The out-of-favour investment trusts that are cheap for a reason
Investors on the lookout for investment trust bargains risk catching the proverbial falling knife.

Money Observer, April 8, 2020 by Kyle Caldwell

Substantial stock market corrections offer brave investors the chance to go bargain-hunting, but the big caveat and trade-off is the risk of catching the proverbial falling knife.

In the case of investment trusts, discounts to net asset value have widened across the board. During the worst of the sell-off, the average discount figure exceeded its widest point since the global financial crisis over a decade ago, reaching 18.4% on 23 March. That compares with an average discount of 17.6% on 31 December 2008.

By the end of March, the average discount had tightened to 11.8%, which goes to show how rapidly discounts can change and how investors need to be alert to potential opportunities.

There are various ways to detect whether a discount looks ‘cheap’. A useful starting point is to assess the discount relative to its historic average and then against the wider sector.

A more mathematical metric private investors can employ is the ‘z-score’ of a trust. This is another way to compare a trust’s current discount or premium to its historic level. A positive z-score shows the current value is higher than the mean, while a negative value indicates the opposite. As a rule of thumb a score of minus 2 or lower suggests the trust is looking cheap, while a positive score of 2 or more suggests it looks expensive.

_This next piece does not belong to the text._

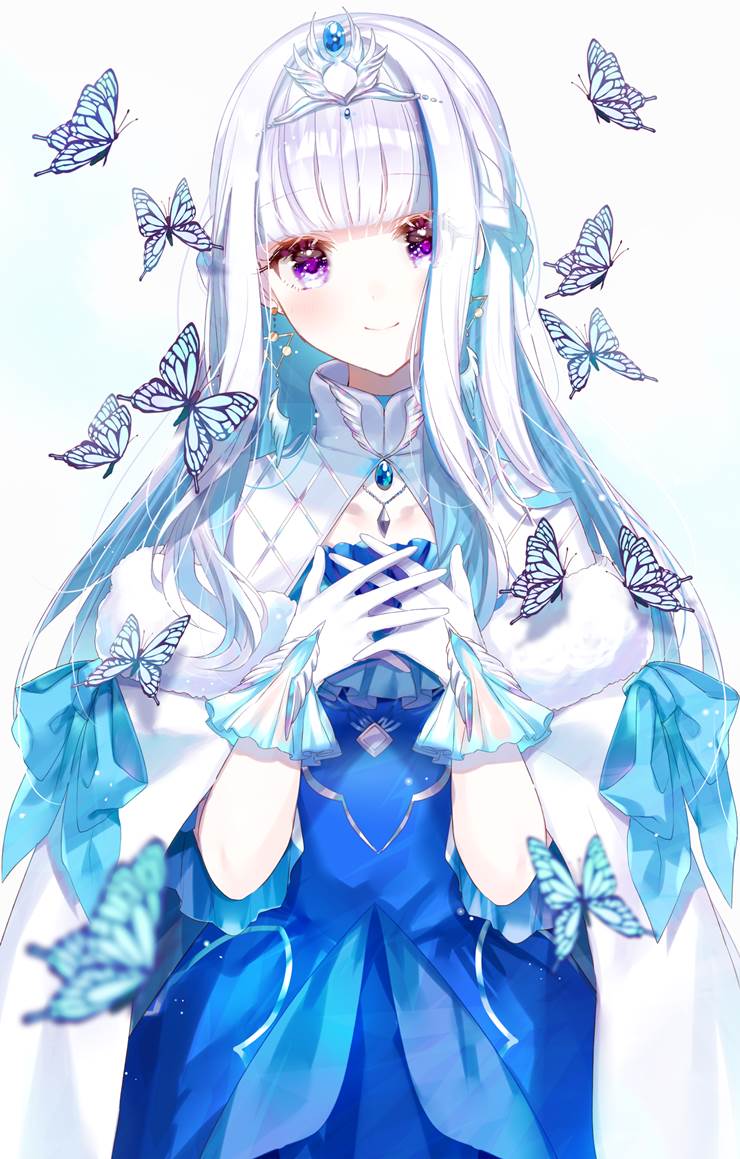 虚拟主播, 彩虹社, 莉泽·赫露艾斯塔, cloak, 手套, 蝴蝶, 太美了, Virtual YouTuber 10000+ bookmarks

While widely viewed as a useful metric the z-score does have its flaws. James Carthew, head of investment company research at QuotedData, points out: “It is a good indication of a significant change in a discount or premium, but because it is an indication of change a relatively small absolute change on an investment company that was trading close to asset value can show up as more significant than a big absolute change in a wide discount. So z-scores are not, on their own, an indication of an investment company looking cheap or expensive, but they are a good indicator of trusts that might be worth a closer look.”